1. Access local an external data via SPARQL both from within a python programming environment and stand-alone with a GUI, such as [YASGUI](https://yasgui.triply.cc/), and this way integrate data from different sources  
2. Model your own first knowledge base, in this case an RDF Schema knowledge graph
3. Implement inference rules 

Follow this Notebook step-by-step. 

Of course, you can do the exercises in any Programming Editor of your liking. 
But you do not have to. Feel free to simply write code in the Notebook. When 
everythink is filled in and works, safe the Notebook and submit it 
as a Jupyter Notebook, i.e. with an ipynb extension. Please use as name of the 
Notebook your studentID+Assignment3.ipynb.  

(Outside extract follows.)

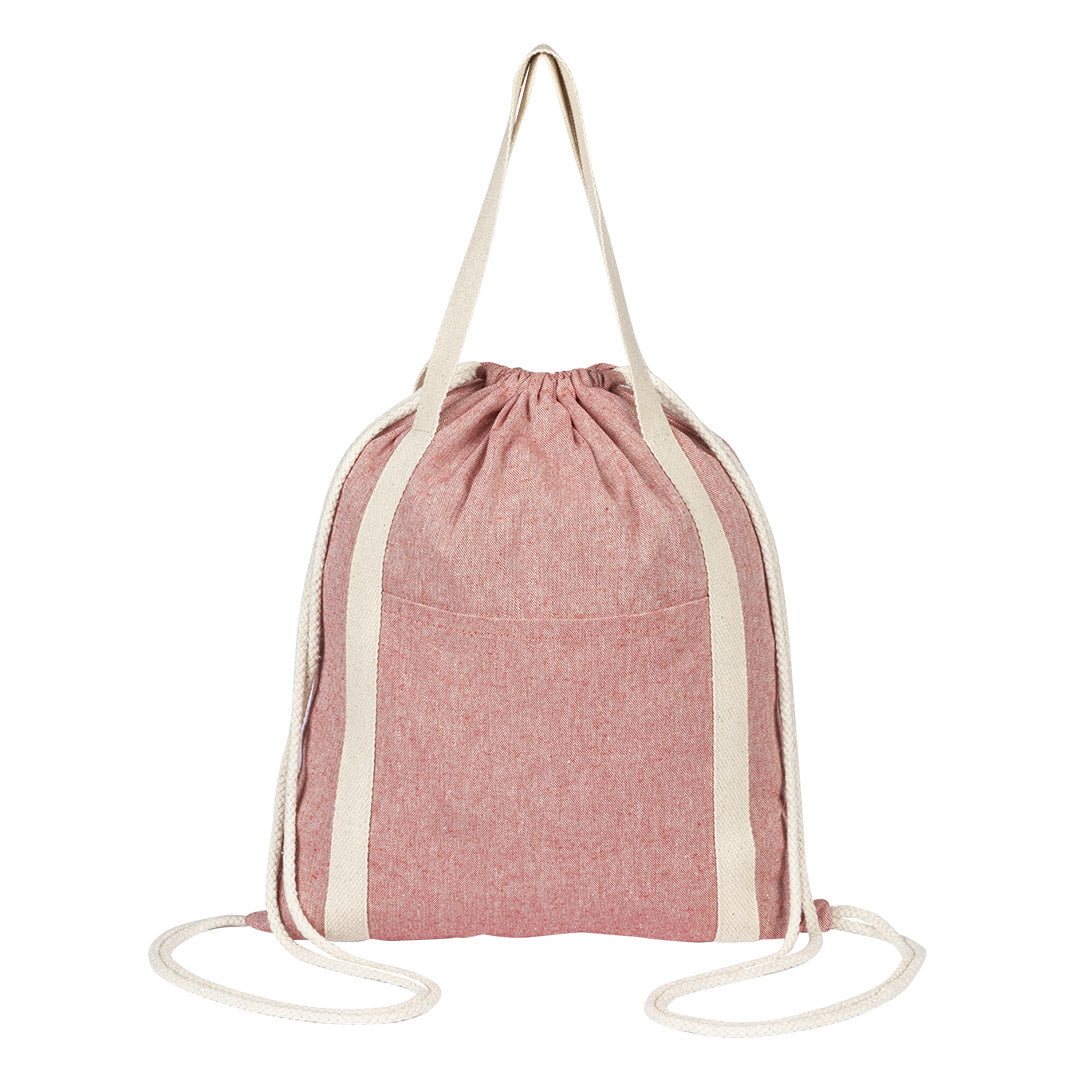 ZORA, ranac od recikliranog pamuka, 200 g/m2, crveni - Crvena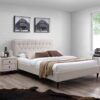 Voodi EMILIA 160*200cm, madratsiga HARMONY TOP, beez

Other than in courses dedicated to programming we will not evaluate the style
of the programs. But we will test your programs on other data than we provide, 
and your program should give the correct answers to those test-data as well. 

Before you start, you need to:

- **Install the *rdflib* Python package:** *pip install rdflib* (should already be installed from the previous assignment)
- **Install the *SPARQLWrapper* Python package:** *pip install SPARQLWrapper*
- **Install the free edition of the GraphDB Triplestore:** please follow this short [GraphDB tutorial](https://github.com/ucds-vu/knowledge-data-vu/blob/master/Tutorials/Preliminaries/tutorial-GraphDB.md). 

Then, add the file example-from-slides.ttl to a newly created database, say called assignment-3. 

**Note that you should have an active internet connection to run the code in this notebook.**

## Task 1: (3.5 points) Integrate Local and External Data

You can integrate SPARQL queries into your Python code by using the *RDFLib* and *SPARQLWrapper* libraries. 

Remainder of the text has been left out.